Per quanto riguarda i pazienti con NSTE-SCA, il 74,2% veniva sottoposto a studio coronarografico nel corso del ricovero e il 47,2% veniva sottoposto ad angioplastica. Solo il 24,9% dei pazienti veniva sottoposto a PTCA nelle prime 48 ore, percentuale decisamente inferiore rispetto a quella ritenuta necessaria dalle linee guida per coprire le esigenze della popolazione con NSTE-SCA ritenuta a rischio intermedio-alto, pari ad oltre il 50% (Tabella 6).
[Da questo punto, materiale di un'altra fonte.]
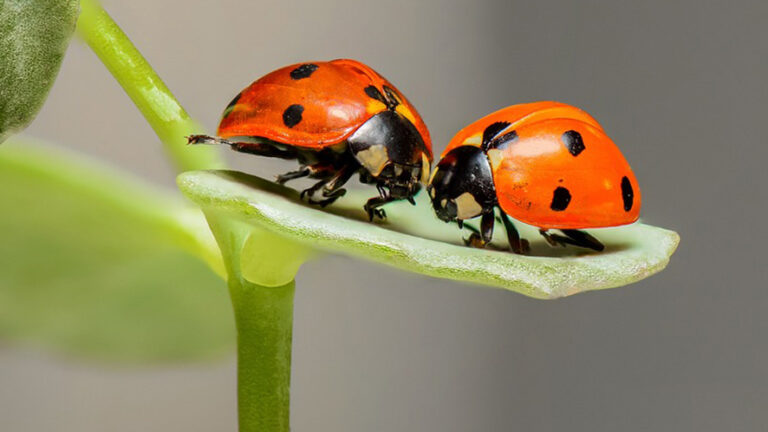 Museo Cantonale di Storia Naturale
Il tempo mediano per eseguire PTCA, tra quelli che sono stati sottoposti alla procedura entro le prime 48 ore, non differiva tra i pazienti trasferiti da altro Ospedale rispetto a quelli trattati nello stesso Ospedale di ricovero (P=0,4) (Tabella 7).
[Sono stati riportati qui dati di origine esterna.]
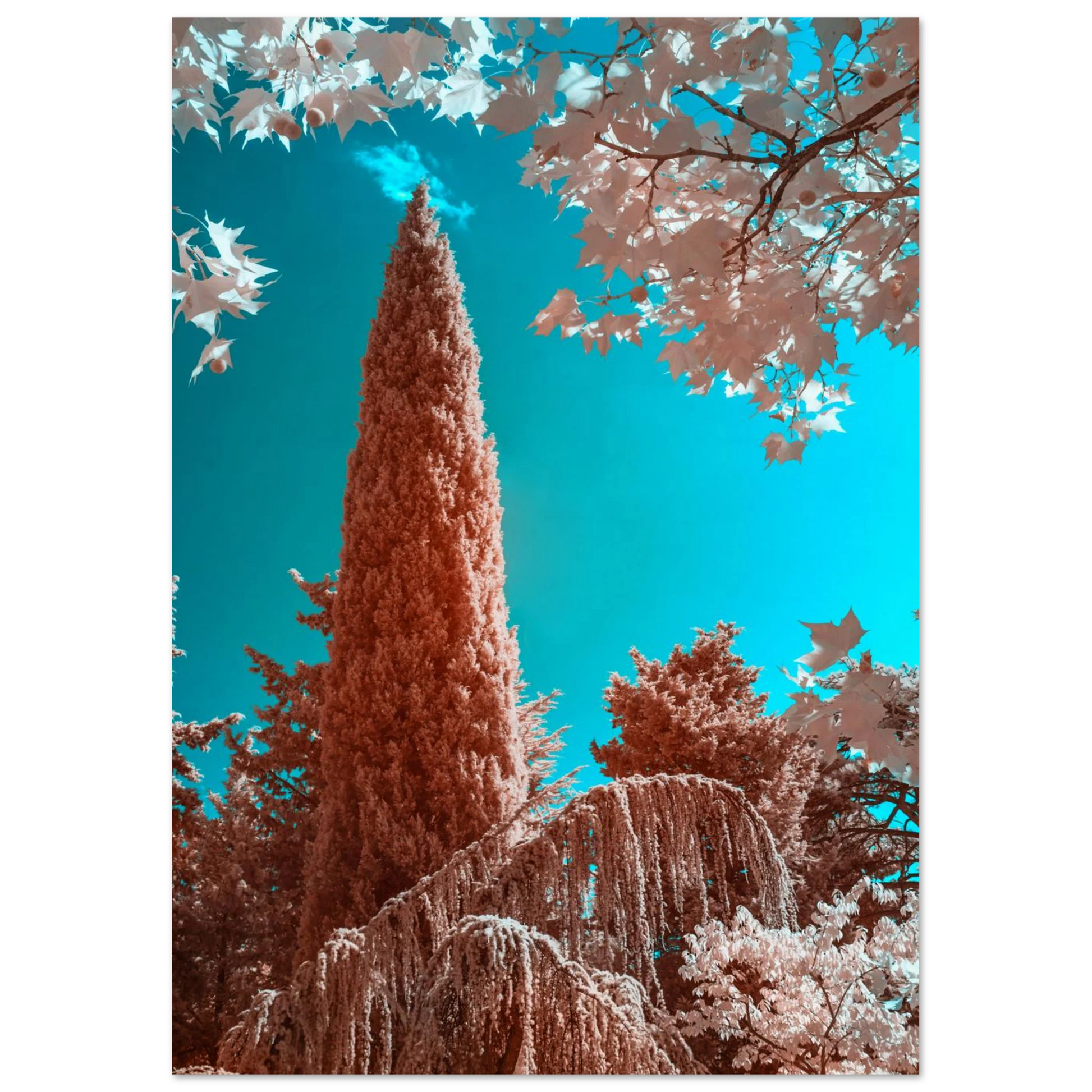 0a8d92f2-47c8-4009-b7fc-27ad0667df79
La durata mediana della degenza totale ed in unità di terapia intensiva cardiologica era, rispettivamente di 6 e 3 giorni, non diversa tra pazienti STEMI e NSTEMI (Tabella 8).

 

 

 

 

 

Per quanto riguarda l’outcome di sicurezza, relativamente all’incidenza di ictus e di emorragie, questa è risultata bassa (tab 9) sia nella popolazione con STEMI che NST.

Non si rilevavano differenze significative nella incidenza di emorragie maggiori nei gruppi trattati con farmaci antiaggreganti rispetto ai non trattati (figg.2 e 3).

La mortalità totale era del 2,9%, quella per STEMI del 4,4% e quella per NSTEMI del 2%, in linea con i dati dei registri internazionali (fig.4).

Alcuni dei risultati emersi nella fase ospedaliera relativi all’uso dei farmaci offrono lo spunto per qualche riflessione sulla  aderenza alle Linee Guida.

La popolazione generale dello studio aveva un profilo di rischio elevato, ma, nonostante questo, il trattamento farmacologico precedente l’evento indice era subottimale(tab 10). Tutte le classi di farmaci consigliate dalle Linee Guida erano sottoutilizzate.Anche nella popolazione con coronaropatia documentata c’era una sostanziale sottoutilizzazione dei farmaci raccomandati (Tab 11). Qualche tipo di trattamento antiaggregante, in particolare, era usato solo nel 73,6% dei pazienti, come pure il trattamento con ACE-I o ARB  o con statine era inferiore a quello che ci si sarebbe atteso in una popolazione di questo tipo.

 

 

 

 

 

 

 

 

 

 

 

 

  Alcune importanti riflessioni possono essere fatte sulle prescrizioni farmacologiche alla dimissione. Nella Tab.12 si vede come la doppia antiaggregazione (ASA + Clopidogrel o Ticlopidina) sia praticata in modo sostanzialmente corretto solo nei pazienti sottoposti ad angioplastica (94,8%), mentre solo al 59,4% dei pazienti che non sono stati sottoposti ad angioplastica viene prescritto questo trattamento raccomandato dalle Linee Guida.L’angioplastica sembra “tirarsi dietro” anche altre terapie raccomandate, come se la procedura interventistica generasse un maggiore livello di attenzione: si veda ad esempio il maggiore uso di statine e di beta bloccanti che si fa nei pazienti sottoposti a PCI rispetto ai non trattati. Una considerazione analoga si può fare per la terapia alla dimissione dei pazienti con STEMI (tab 13), in cui è raccomandata la doppia antiaggregazione per almeno due settimane dopo. I pazienti che non praticano nessun tipo di terapia riperfusiva (no TR) subiscono un trattamento meno appropriato di quelli riperfusi con trombolisi (TT) o con angioplastica primaria (PCI). I dati dello studio IN-ACS, di cui quelli citati sono solo una minima parte, contengono informazioni molto rilevanti sulla epidemiologia clinica delle SCA in Italia, sulle strategie terapeutiche e sulle abitudini prescrittive in questo settore così rilevante dell’assistenza sanitaria. E’ in corso di completamento il follow up ad un anno dei pazienti arruolati, che consentirà di correlare le scelte della fase acuta all’esito a distanza.